Have you ever wondered if you can eat food that has fallen to the ground or it is better not to? Let’s see what the science says.
You will surely have wondered if it is safe to eat food that has fallen to the ground or if it is better to avoid. Starting from the assumption that there is no single answer to this question and that many different factors should be considered, there are still those who are convinced of a theory or rather a popular belief. This is the famous 5-second rule, according to which if we act in a timely manner we can still eat the food that has fallen to the ground. Are there any scientific foundations behind this theory?

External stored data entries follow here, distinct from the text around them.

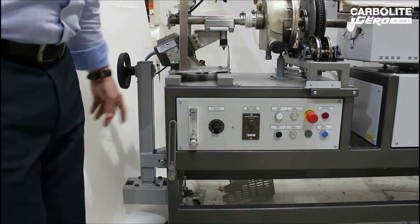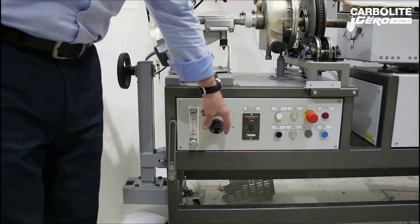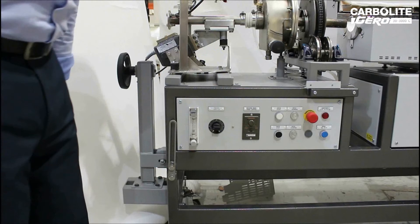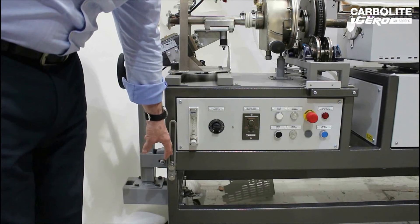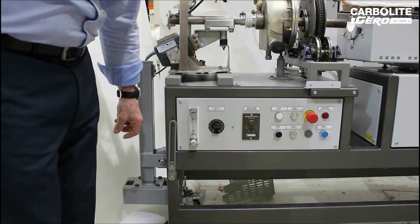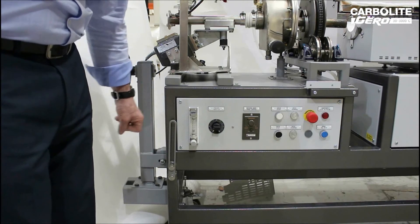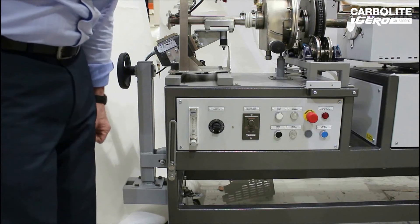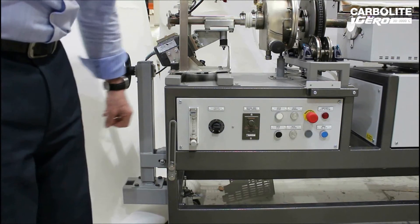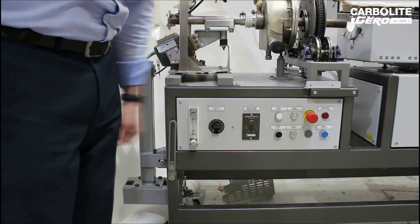Throughput of product through the furnace is controlled by a combination of the drive speed and angle of inclination. The typical angle for the furnace is normally 2 degrees, but the range of the angle is from 1 to 6 degrees, with a rotational speed between 1 to 10 RPM.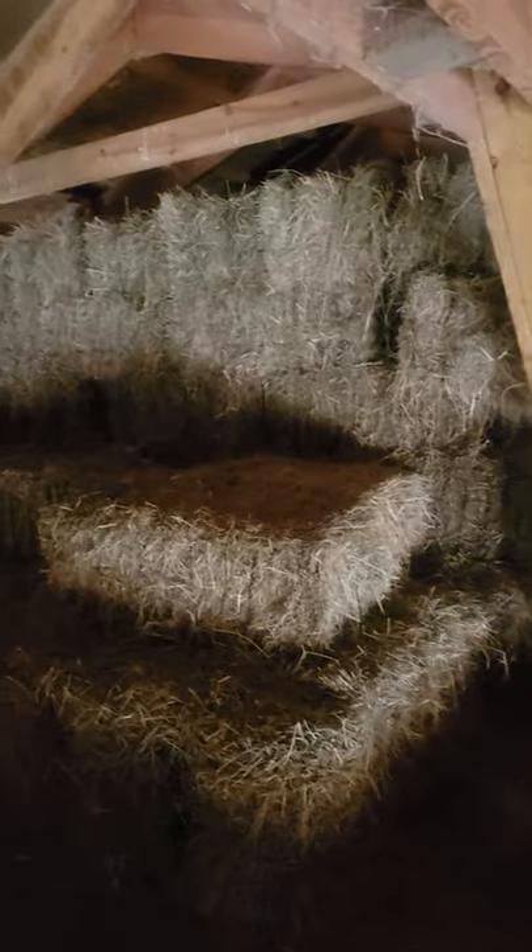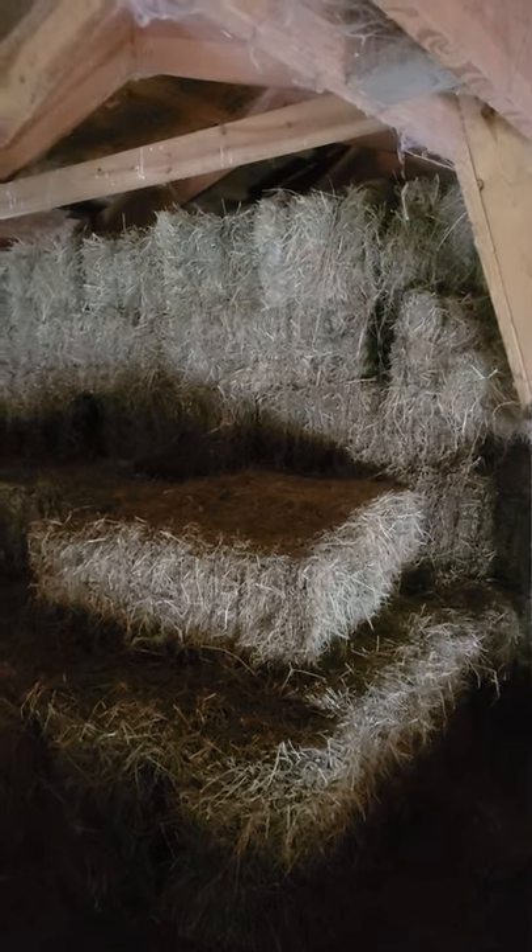Hey guys, it is Emery up in the hayloft with you, and I wanted to show you where we store all of our hay out in our big barn. This is our big barn out here where we have all of our hay stored for our alpines.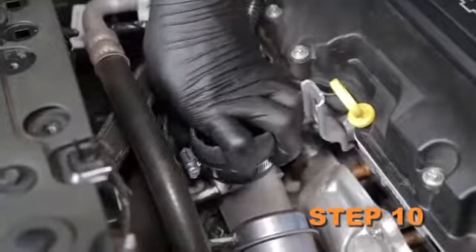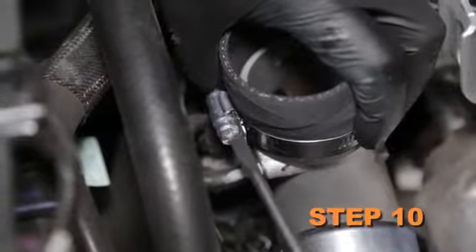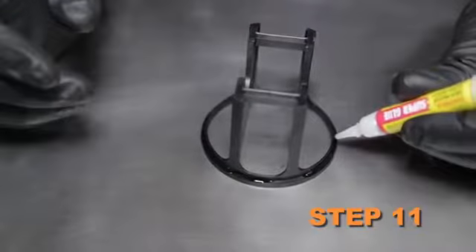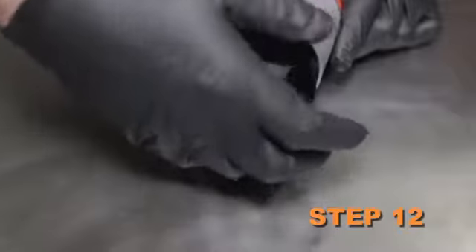Install the silicone hose onto the turbo inlet and secure it with the provided hose clamp. Apply several drops of super glue onto the air guide, then install the air guide into the K&N intake tube.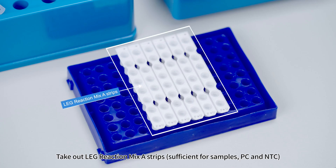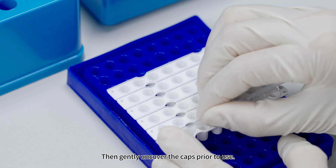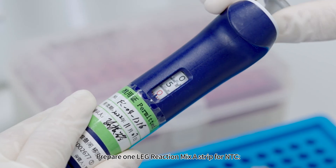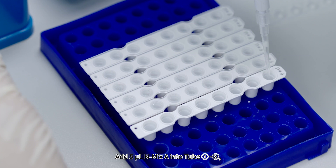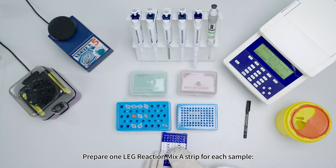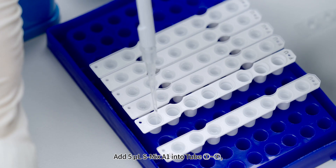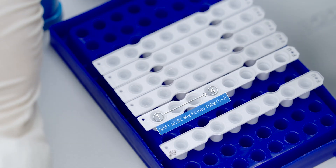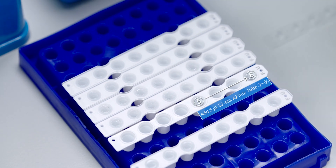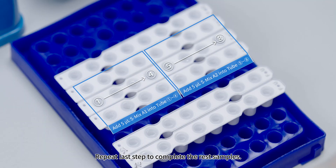Take out LEG Reaction Mix A strips sufficient for samples, PC, and NTC, and centrifuge for 5 to 10 seconds. Gently uncover the caps. For NTC, prepare 1 strip and add 5 microliters N-Mix A into tubes 1 to 8, then cap. For each sample strip, add 5 microliters S-Mix A1 into tubes 1 to 4 and 5 microliters S-Mix A2 into tubes 5 to 8. Cap and mark as S1. Repeat for remaining samples.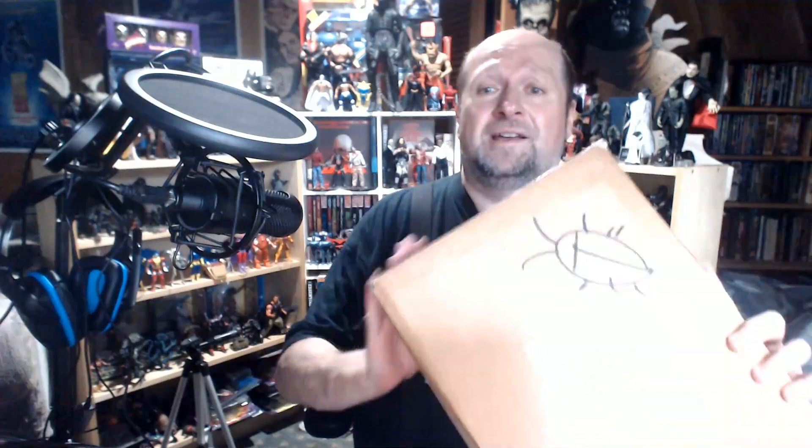What is up everybody? It's your boy Brian. I got a package in the mail today and saw this on the box — a pretty clear indication, a clue to me of what was inside. So I figured, what the heck, let me do a quick unboxing video.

Does the 5 second rule apply?
The first tip is to rely on common sense and consider the situation from case to case. For example, if the food in question is a fruit with the peel, just peel it and maybe even disinfect it to be able to consume it without worries.
The speech, of course, becomes complicated both in consideration of the food, in particular when it comes to more humid foods, and taking into account the surface on which it has fallen. To answer the dilemma of falling food of Rutgers University researchers, years ago they conducted a study, let’s see what emerged from their research.
What science says
The researchers’ study , published in Applied and Environmental Microbiology, looked at different types of foods and different surfaces. The aim of the research was to establish what was the rate of transfer of bacteria to food, as a function of three variables:
- the type of food, dry foods such as bread and wet foods such as watermelon were considered
- the residence time 1, 5, 30 and 300 seconds
- the contact surface, such as tiles, stainless steel, wood and carpet.
By doing several tests, in order to evaluate the possible combinations, the researchers concluded that the 5-second rule cannot be considered reliable. The contact time, in fact, is only one of the variables that has a direct impact on the spread of bacteria and therefore on the contamination of food.
It is no coincidence that the surface on which the food falls and the food itself must also be taken into consideration. It won’t surprise you to know that watermelon was the most contaminated, right?